DELITO há dez anos
Ana Margarida Craveiro: «O Estado português trata mal os cidadãos. Assume que todos são falcatrueiros, uns sacanas que só querem é roubar à primeira oportunidade. Isto nas finanças, na segurança social, etc., etc. Pelos 2% de pecadores, pagam os 98% de justos, que são tratados a pontapé. O que é triste é ver a sociedade a assumir o mesmo erro: como conhece o Zé que tem um BMW e foge aos impostos, trata de assumir que todos os Zé fogem aos impostos, tenham ou não um BMW. A confiança é um factor de qualidade da democracia. Neste ponto, ainda não saímos do Estado Novo, lamento informar.»
Ana Vidal: «Fico muito mais descansada. Afinal não há pedófilos em Portugal, como também não há corruptos nem vigaristas. Poupa-se nos tribunais e nas prisões, uma beleza. Gasta-se só um bocadinho mais nos media, com tanto diz-que-disse-mas-afinal-não-disse, mas isso até tem graça. E o povo gosta de festa.»
Bandeira: «Se não quer que toda a gente olhe para si no restaurante, evite sentar-se sob o televisor.»
Filipe Moura: «Por muito que o Sporting não ganhe tantos títulos como os outros, a postura de vencedores na vida que até ganham de vez em quando é o que mais irrita os nossos adversários (particularmente os benfiquistas). Desde que ganhem – os benfiquistas detestam que o Sporting ganhe; os sportinguistas adoram que o Benfica perca. O que mais irrita os benfiquistas é que no fundo eles admiram os sportinguistas e adorariam ser como eles.»

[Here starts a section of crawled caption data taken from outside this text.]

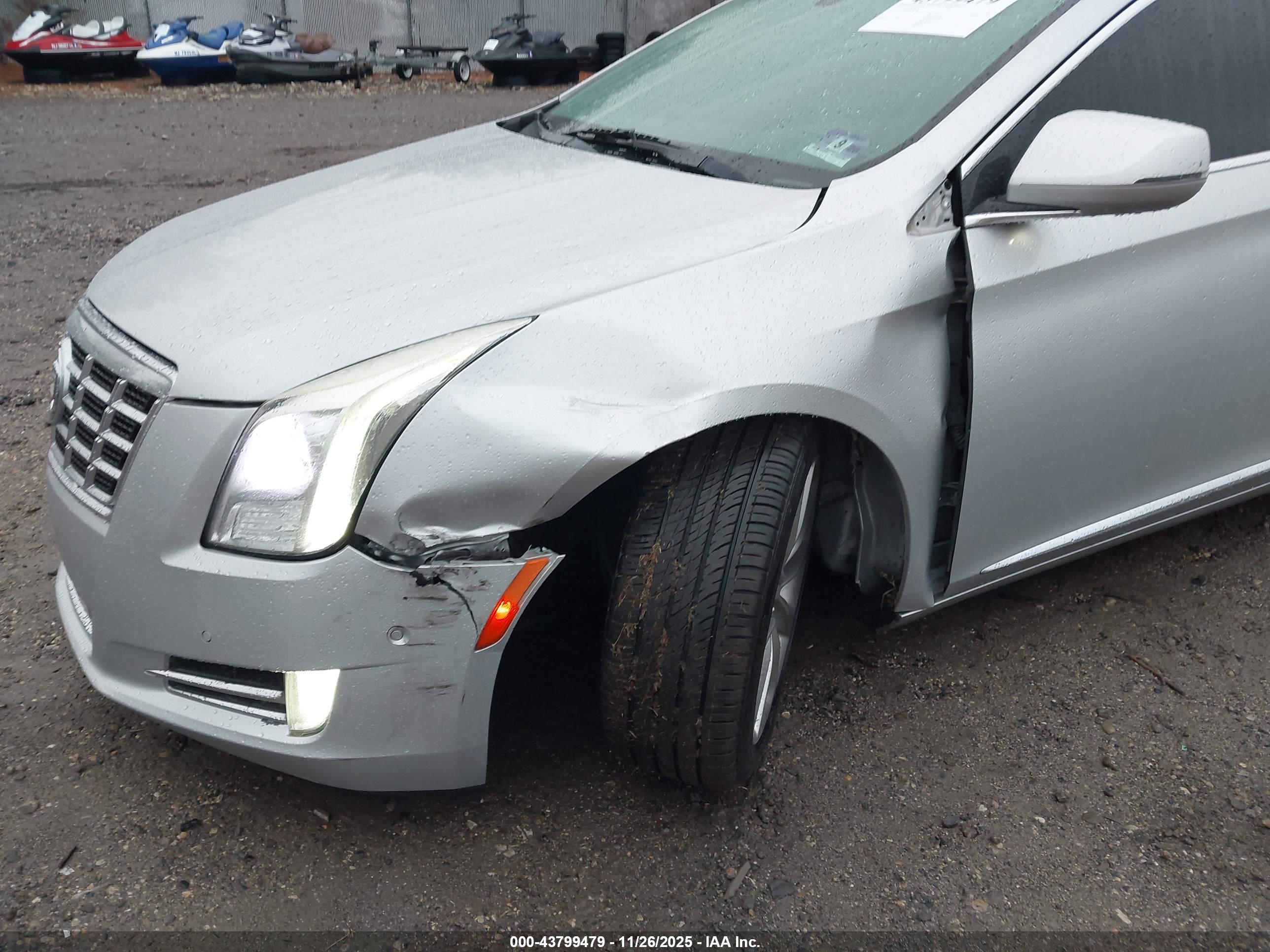 CADILLAC XTS image 6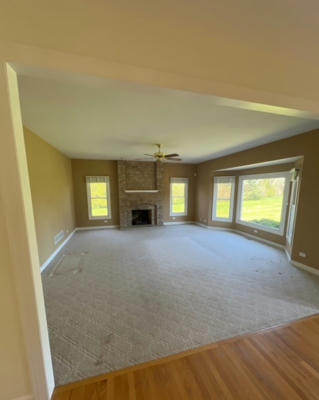 5N619 FARRIER POINT LN, ST. CHARLES, IL 60175, photo 4 of 27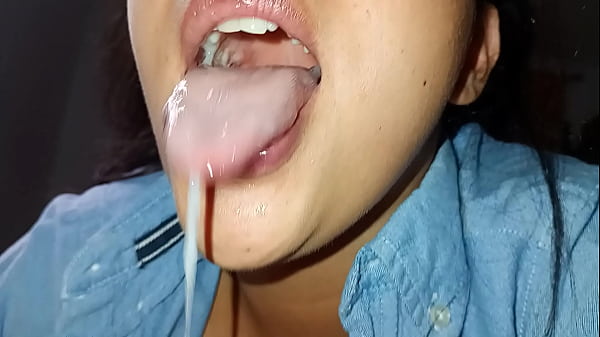 Play MP4 - Colegiala recibe toda la leche en la boca despu&eacute;s de clases&comma; succiona y masajea la polla con la lengua hasta lograr la garganta profunda &excl;&excl;&excl; Incre&iacute;ble &excl;&excl;&excl;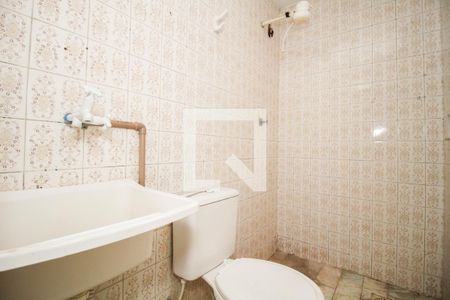 Studio para alugar com 27m², 1 quarto e sem vaga Studio para alugar com 27m², 1 quarto e sem vagaBanheiro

João Carvalho: «Todos sabemos que estamos num país surpreendente, em que o factor sorte é essencial para se estar bem na vida. Neste momento, por exemplo, palpita-me que a estrutura do metro de Coimbra possui a equipa mais sortuda do país: meia dúzia de administradores e uma dúzia de funcionários, mais-coisa-menos-coisa, pagos para gerir coisa nenhuma. Espera-se que não tenham sofrido grande corte nos salários da crise, por causa da concorrência com os imensos nadas nacionais.»
Rui Rocha: «Acho piada a certos comentários que sublinham a possibilidade de a revolução da Tunísia e a agitação social que já existe no Egipto e se adivinha em outros países do norte de África darem origem a regimes ainda piores. Digo que é o mesmo que afirmar-se, antes do 25 de Abril, que era melhor não o fazer devido ao perigo de Portugal se tornar um país comunista.»
Teresa Ribeiro: «Olhou as paredes e embora não tivessem espelhos viu-se reflectido nelas, deitado no sofá, revistas e jornais espalhados à volta, alguns no chão, junto do prato onde pousara o copo, agora vazio. Seria a solidão a única mulher com quem ele conseguia viver? - ironizou. Às vezes cansava-o. Mas não o cansavam todas? Olhou para o telemóvel, aceso pelo último sms recebido. Escreveu "amo-te" e enviou. No ar ainda se respirava o perfume que lhe oferecera no Natal. Reparou nesse momento que ela se esquecera das luvas, sinal evidente de que tencionava voltar, apesar de ter saído a bater com a porta. Bocejou. A diferença - pensou - é que a solidão não é reivindicativa.»
Eu: «Logo após terem sido conhecidos os resultados eleitorais, José Sócrates revelou-se um digno aprendiz de Maquiavel. Em poucas frases colou-se ao vencedor, com o pragmatismo de um jogador de casino ao reconhecer que os dados estão lançados. E deu um abraço de urso a Manuel Alegre, como se nunca tivesse amarrado o PS a estratégias erráticas e derrotistas em dois sucessivos escrutínios presidenciais. Lesto em sacudir a água do capote, o primeiro-ministro proclamou: "Estas são eleições presidenciais e os portugueses sempre souberam distinguir entre opções políticas nas legislativas - em que os partidos estão directamente envolvidos - e eleições presidenciais, que são baseadas em candidaturas individuais". E logo a seguir, com aquela ligeireza que o caracteriza, acentuou: "Foi com orgulho que todos os socialistas estiveram ao seu lado [de Manuel Alegre]." Esta frase, além de contradizer a anterior, estava totalmente longe da verdade, pormenor irrelevante no habitual fio discursivo do primeiro-ministro, um hábil manipulador de pessoas e factos.»